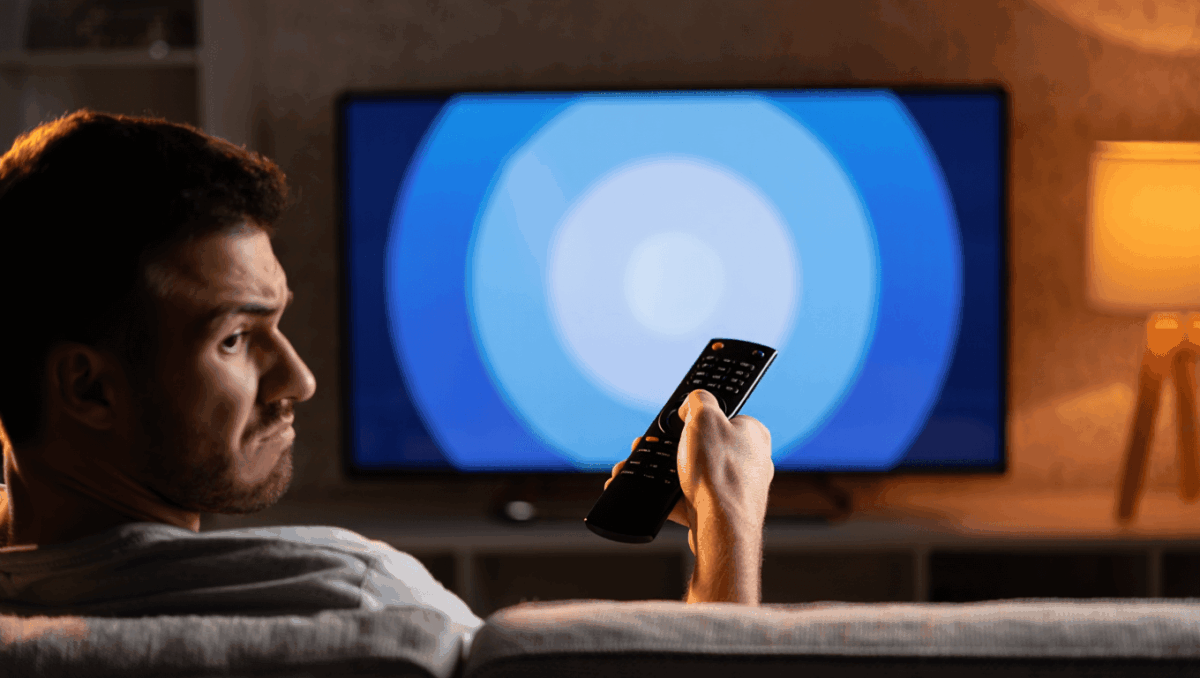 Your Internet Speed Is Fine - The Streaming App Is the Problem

============================================================

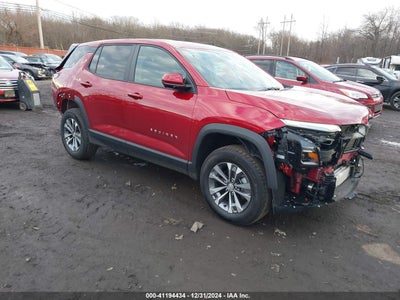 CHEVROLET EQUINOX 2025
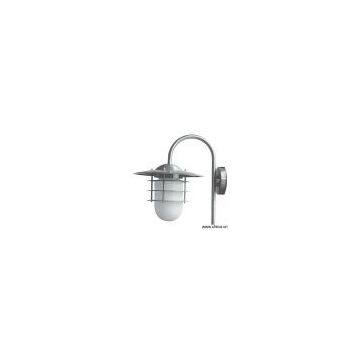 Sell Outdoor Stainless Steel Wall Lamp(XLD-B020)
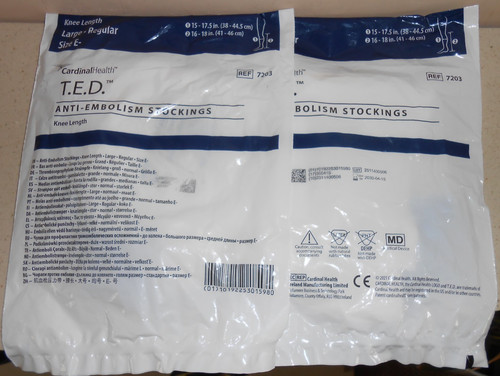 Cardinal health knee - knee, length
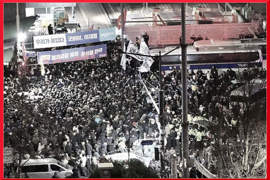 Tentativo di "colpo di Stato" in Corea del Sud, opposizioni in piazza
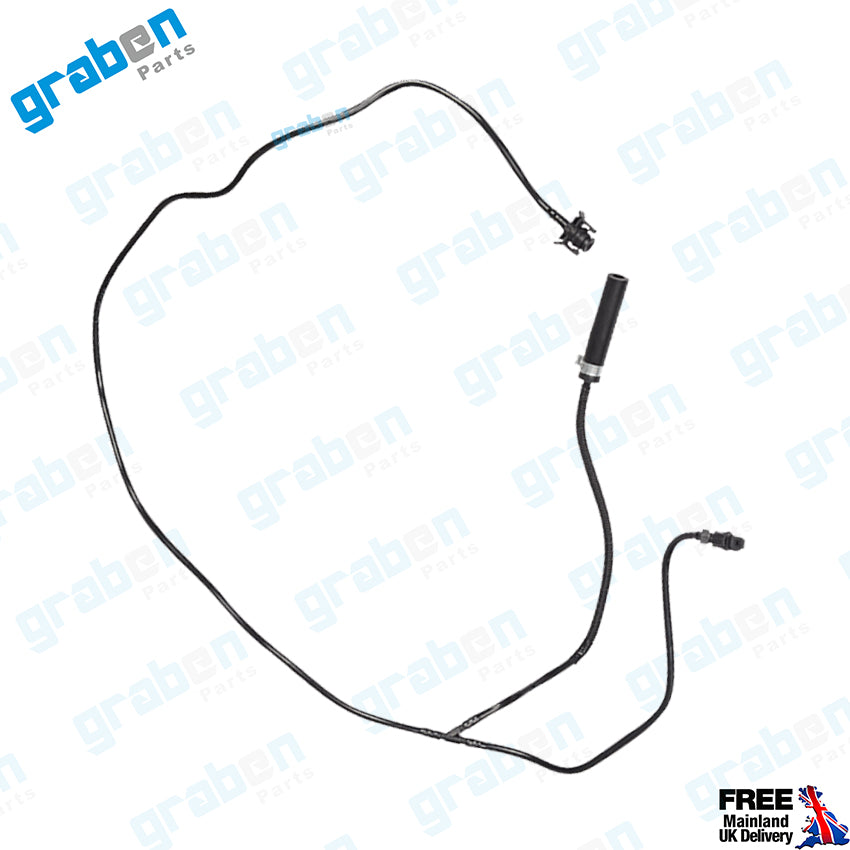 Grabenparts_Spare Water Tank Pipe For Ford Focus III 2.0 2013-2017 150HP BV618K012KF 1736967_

============================================================

# Instructions to follow
Using the entries above, transcribe exactly from the line that has "Sell Outdoor Stainless" through the line that has "Grabenparts_Spare Water Tank". Pictures are dropped.

# Output of the exercise
 Sell Outdoor Stainless Steel Wall Lamp(XLD-B020)
 Cardinal health knee - knee, length
 Tentativo di "colpo di Stato" in Corea del Sud, opposizioni in piazza
 Grabenparts_Spare Water Tank Pipe For Ford Focus III 2.0 2013-2017 150HP BV618K012KF 1736967_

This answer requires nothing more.